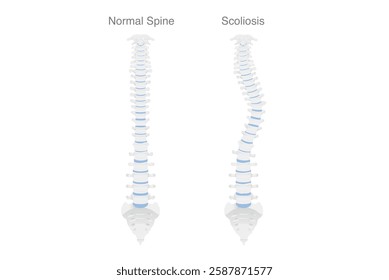 Normal alignment spine and Scoliosis or called spine twists and curves to the side. Medical diagram for comparison, diagnosis and Physical therapy.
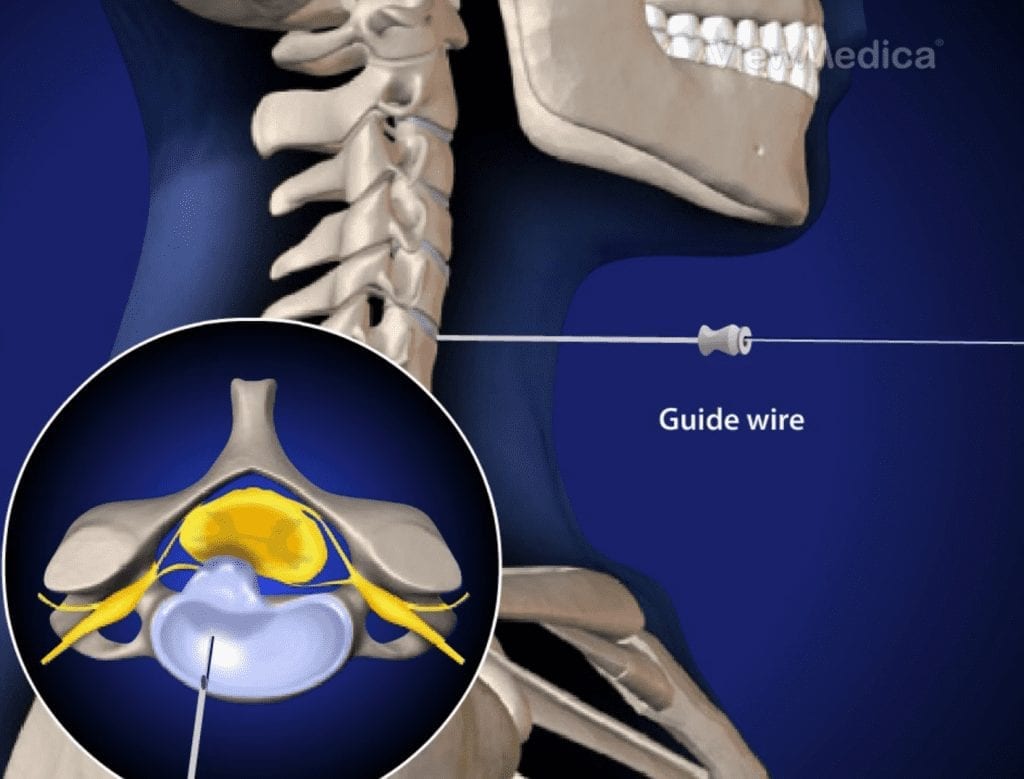 Microdiscectomy guide wire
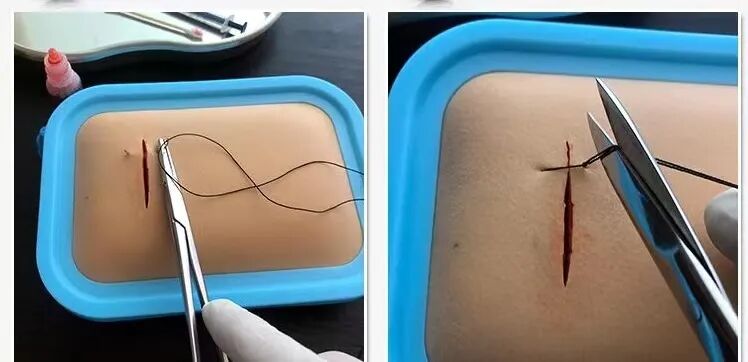 缝合针怎么选规格产品｜医用缝合针_https://www.jmylbn.com_新闻资讯_第7张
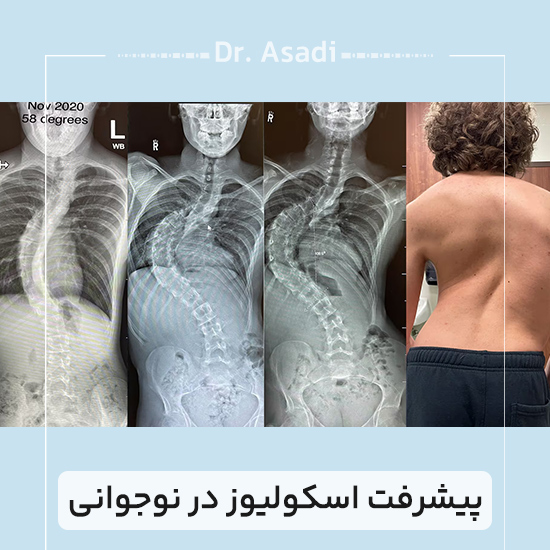 پیشرفت-اسکولیوز-در-نوجوانی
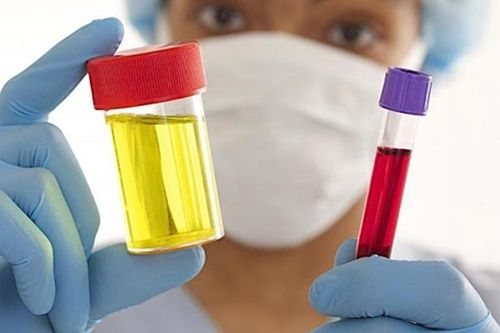 Tiểu máu, dấu hiệu của một số bệnh lý nguy hiểm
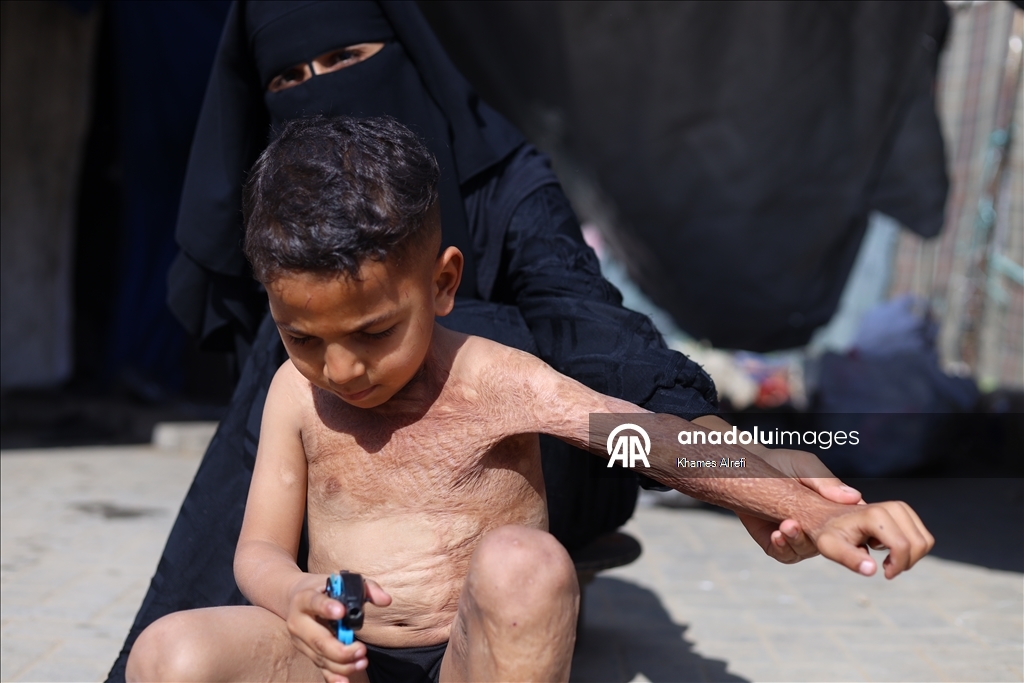 Призыв помочь лечению шестилетнего палестинца Муина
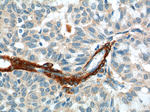 SMMHC Antibody in Immunohistochemistry (Paraffin) (IHC (P))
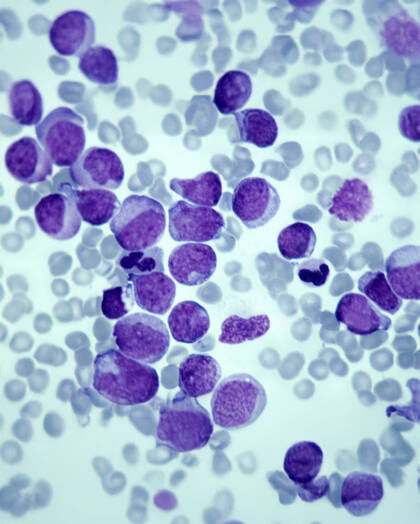 Bispezifische Antikörper revolutionieren die moderne Immuntherapie in der Onkologie. Erfahren Sie, wie sie neue Perspektiven eröffnen und welche Herausforderungen für Pflegefachpersonen entstehen.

__Assignment__. Beginning with the line that contains "缝合针怎么选规格产品｜医用缝" and ending with the final line of the listing, return each line exactly. Omit all pictures.

__Written response__.
 缝合针怎么选规格产品｜医用缝合针_https://www.jmylbn.com_新闻资讯_第7张
 پیشرفت-اسکولیوز-در-نوجوانی
 Tiểu máu, dấu hiệu của một số bệnh lý nguy hiểm
 Призыв помочь лечению шестилетнего палестинца Муина
 SMMHC Antibody in Immunohistochemistry (Paraffin) (IHC (P))
 Bispezifische Antikörper revolutionieren die moderne Immuntherapie in der Onkologie. Erfahren Sie, wie sie neue Perspektiven eröffnen und welche Herausforderungen für Pflegefachpersonen entstehen.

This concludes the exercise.